Sunday, February 17, 2013

Dismantling of US Navy ship to start on Monday


MANILA, Philippines—The American minesweeper USS Guardian, which is stuck on the Tubbataha Reef in Palawan, will be “chopped up” beginning Monday, a Philippine Coast Guard official said Saturday.
PCG Palawan District commander Commodore Enrico Evangelista said the crane ship MT Jascon 25 was due to arrive in the area at 11 p.m. Saturday and that salvaging operations for the USS Guardian would begin on Monday.
“For the past one month, we prepared the USS Guardian for removal and the best scheme to remove (it) is through cutting,” Evangelista said in an interview. “We have already removed the things that can be removed so now [the entire ship] is ready for removal. We will begin cutting (on Monday).”
Evangelista said they had already removed “50-caliber machine guns, small guns and ammunition but no missiles.”
The United States earlier hired the services of the salvaging ships MT Trabajador 1 of Malayan Towage and Salvaging Corp. and the Vos Apollo of a Malaysian company based in Singapore. The US Navy’s USNS Salvor and the PCG’s BRP Romblon are also at the site.
Evangelita said the chopped up parts of the ship would be taken to Vos Apollo and transferred to a barge from Subic Bay.
“This is a warship of the US Navy so they will determine where it will be disposed. I still don’t know what they intend to do with it. The ship may have a design that is a trade secret,” he said.
He added that the Philippine government no longer needed these ship parts for its investigation into the grounding incident.
In Baguio City, Transportation Secretary Joseph Emilio Abaya  ruled out the possibility of sending the crew of the USS Guardian to jail for running aground on the Tubbataha Reef.
“It becomes tricky on that respect,” Abaya told reporters when asked if the US Navy servicemen could be imprisoned for destroying the corals at the Tubbataha Reef as provided in RA 10067, the law that established the Tubbataha Reef National Park.
Abaya said it was accepted in the general practice of international laws that “men of war, foreign naval vessels enjoy immunity, especially if it is in the line of duty.”
“So that has been practiced (worldwide), so it would be difficult on that part,” Abaya said on the sidelines of the Philippine Military Academy  Homecoming in Fort del Pilar. Abaya is a member of PMA Class ’88.
Nonetheless, Abaya said the US Navy would still be sanctioned for the damage its minesweeper caused to the reef that has been declared a World Heritage Site by the United Nations.
The USS Guardian, which ran aground on January 17, destroyed some 4,000 square meters of corals. But Abaya said the overall damage to the reef had yet to be “assessed” because the ship was still stuck there.
The only way to have an “accurate picture” of the damage is if the ship has been removed, he said.

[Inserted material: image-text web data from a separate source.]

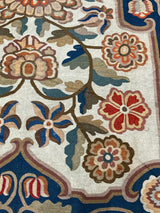 Antique Bassarabian Kilim Rug 6' 5'' x 9' 6''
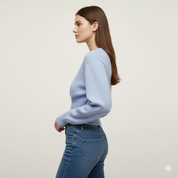 Elsie | Cropped Knit Sweater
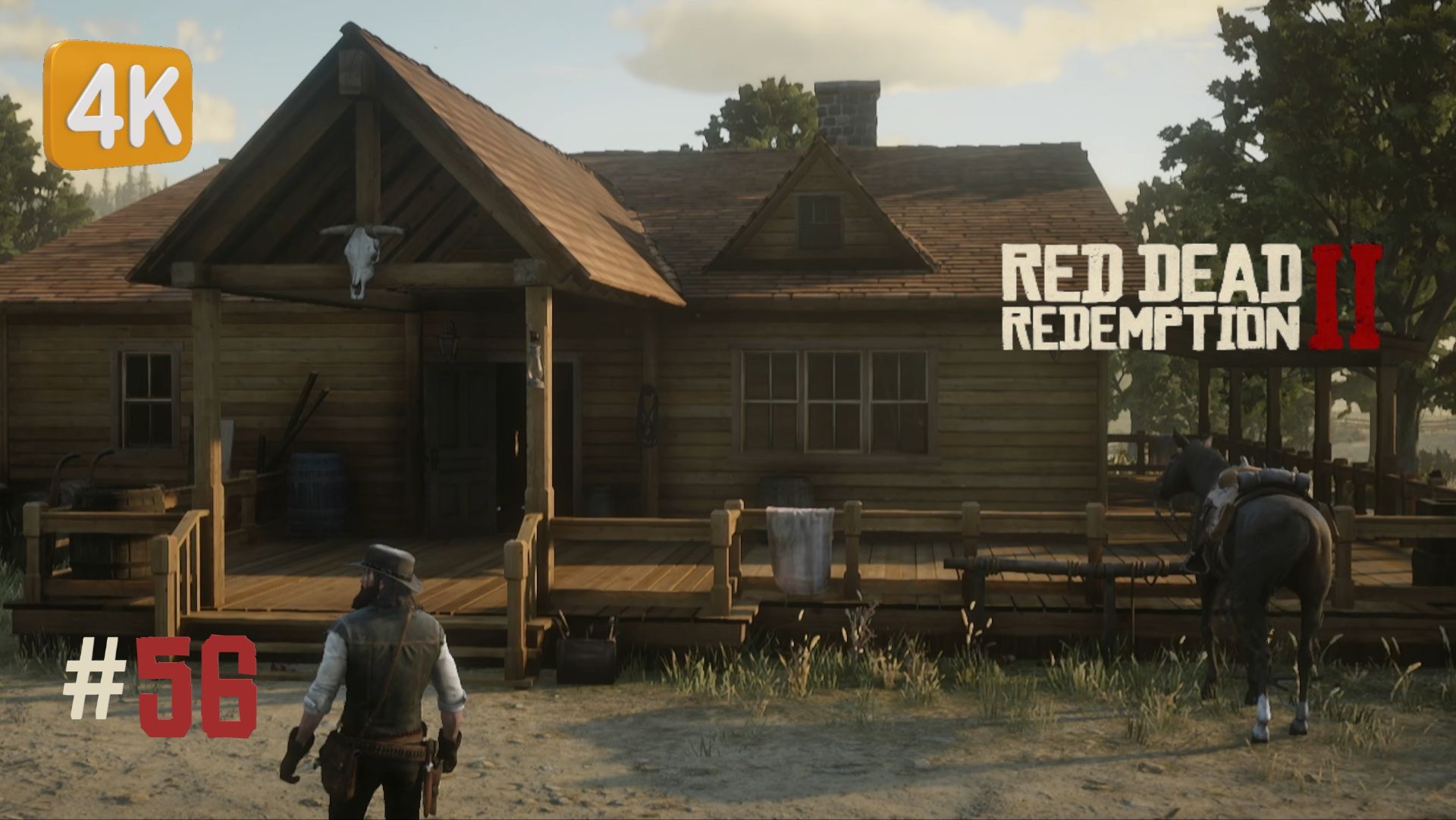 НОВЫЙ ИЕРУСАЛИМ ► Red Dead Redemption 2 #56 смотреть онлайн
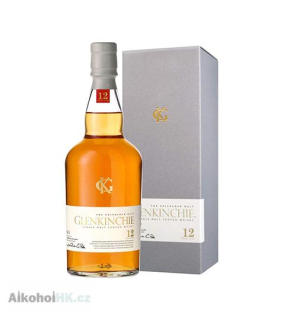 Glenkinchie 12 let 0,7 l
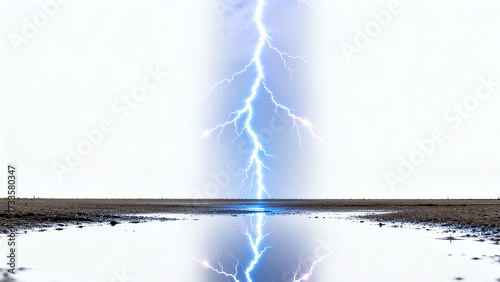 Thunder and lightning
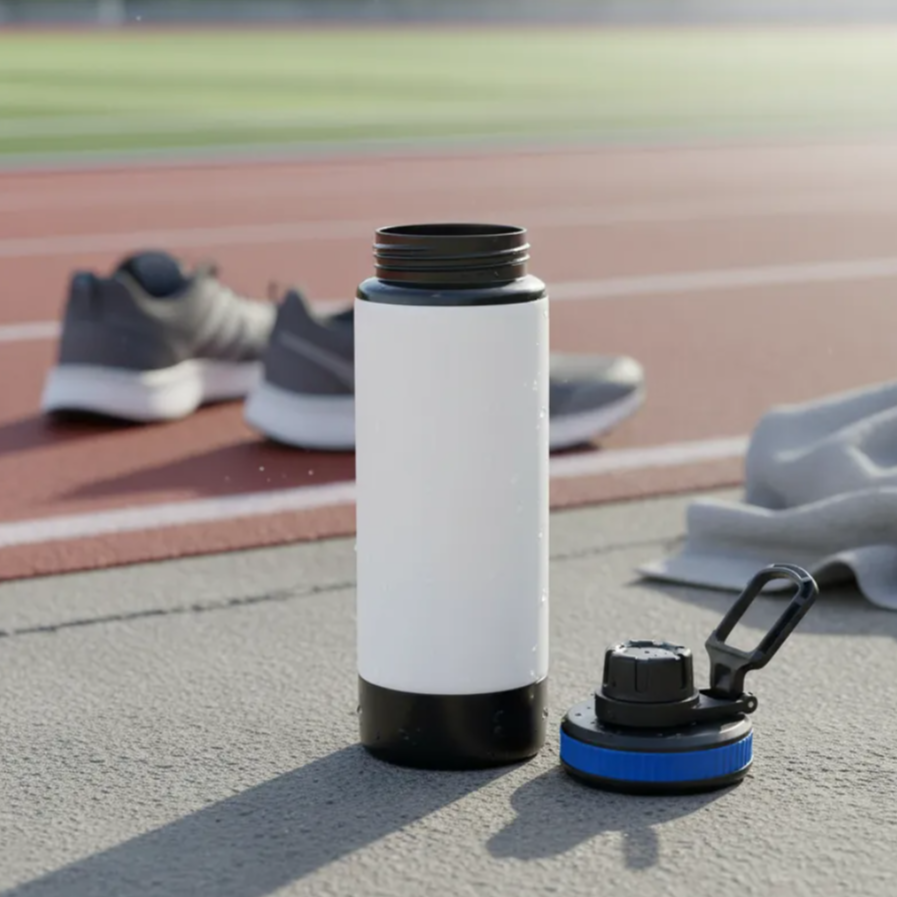 Botella Estampada Universidad DE CHILE Futbol CHILE-2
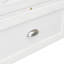 Grand lit escamotable avec grands tiroirs et chargement USB - Lit escamotable mural, blanc brossé-432404149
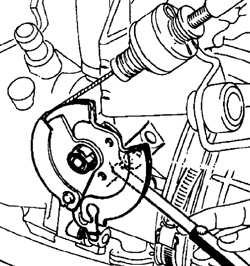 4.3.6 Элементы системы впрыска Bosch L3. 1-Jetronic Peugeot 405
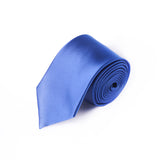 Plain-Navy Blue, Silk Rich Neck Ties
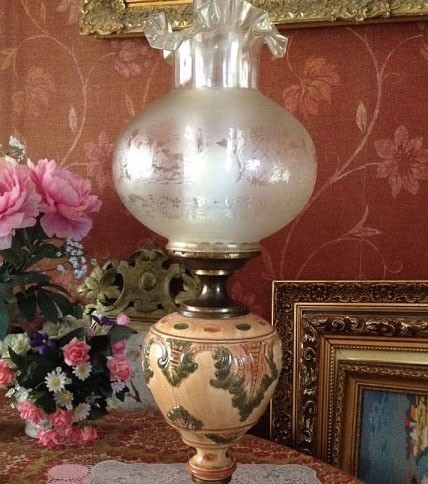 Tafellamp olie 4home   1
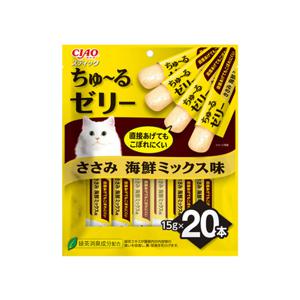 이나바 TSC-222 챠오스틱 닭가슴살 해산물 믹스 20P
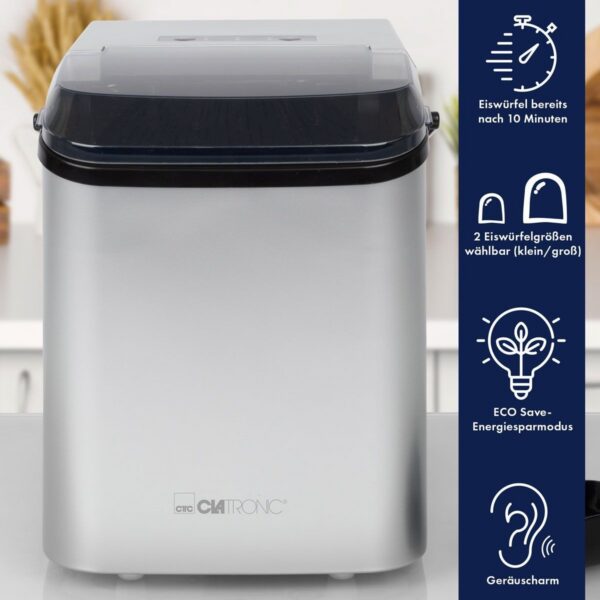 Kodumasinad | Jäävalmistaja Clatronic EWB3785S | Tehnomaan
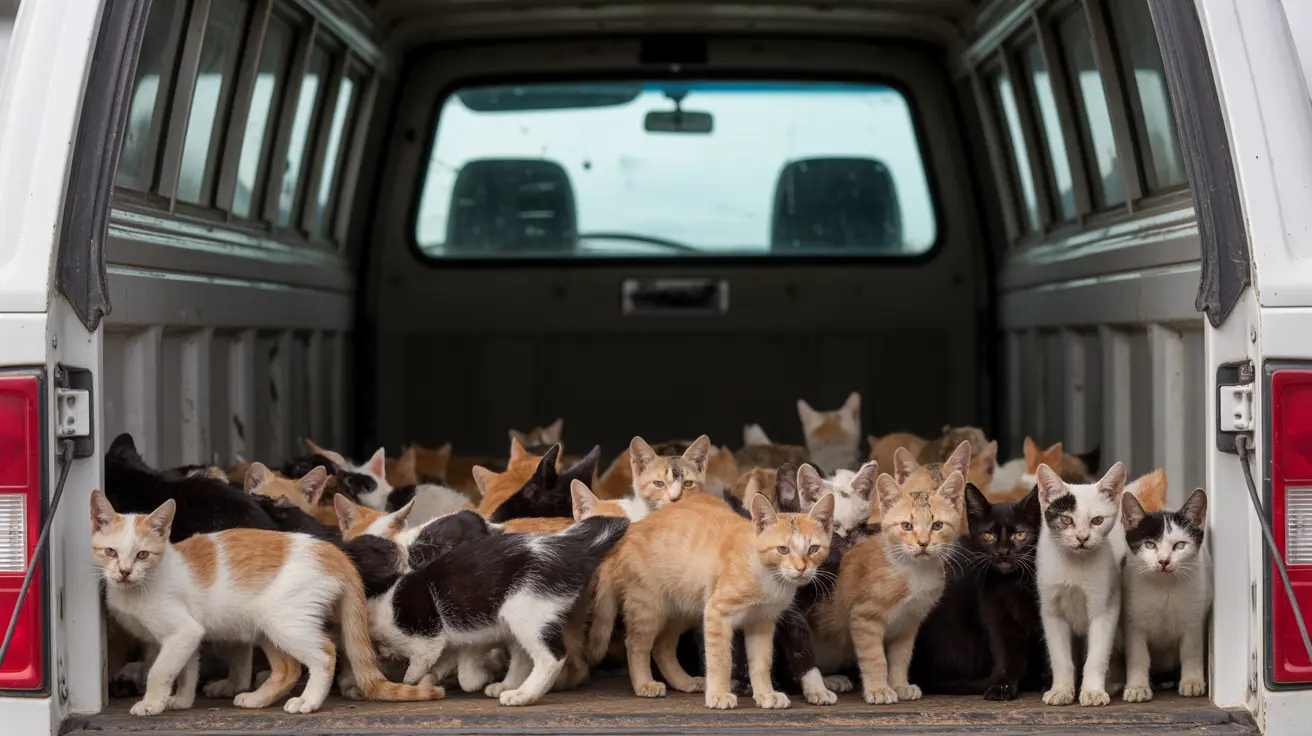 Shocking Animal Cruelty Case: Over 70 Cats Found Abandoned in Tacoma U-Haul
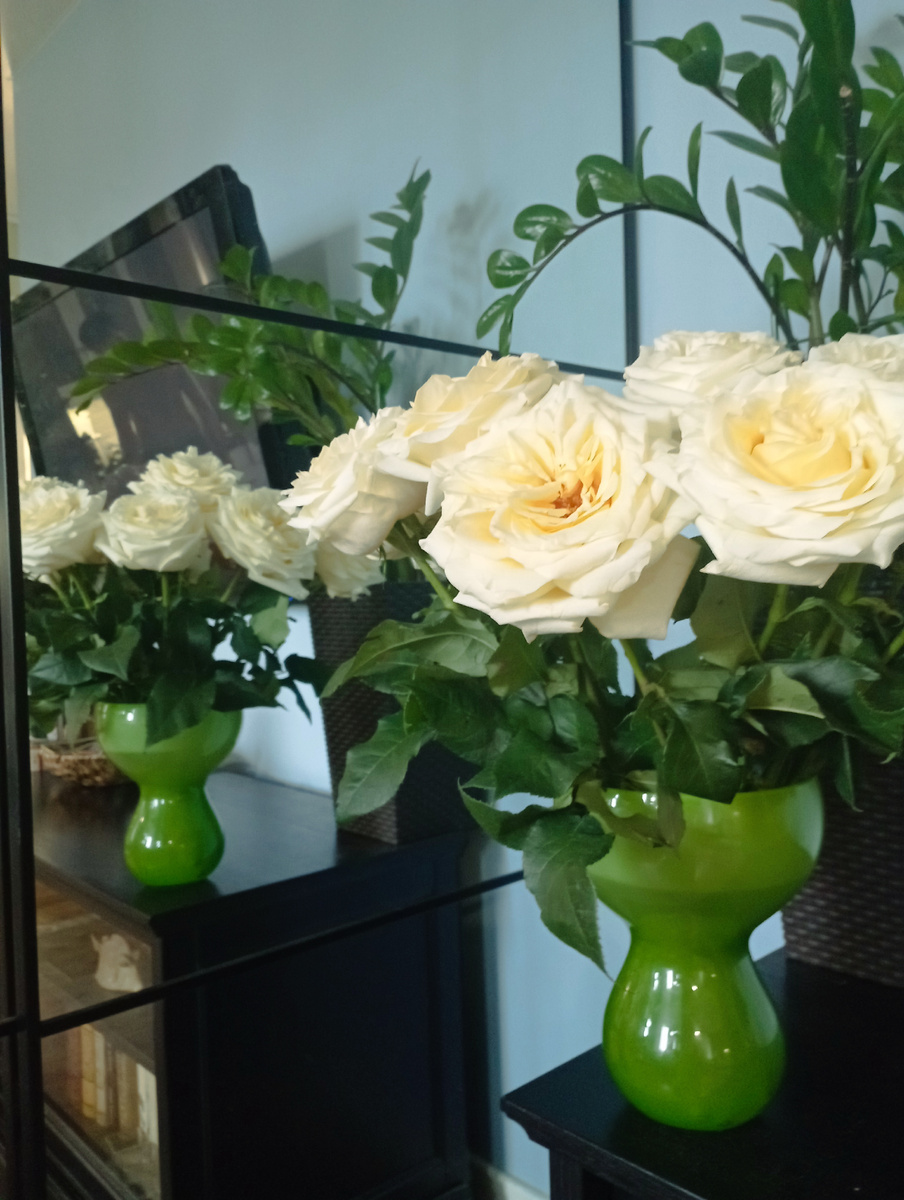 В декабре у нас они появляются, потому что я становлюсь на год старше.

Abaya expressed hope that the salvaging of USS Guardian would be finished by March, depending on the weather in the area as the personal safety of the crew should also be considered.
Abaya noted that the US government has been “very cooperative and they have immediately apologized… The least they can do is cooperate, become transparent, and share with the people what’s going on.”
Abaya said there was some speculation about how the ship ran aground.
“Some say they probably enjoyed too much of an R&R in Subic. They said there was an error in digital charts. Some say they were doing a different thing there, on their own. This is all speculation so it would be irresponsible on my part to even assume,” Abaya said.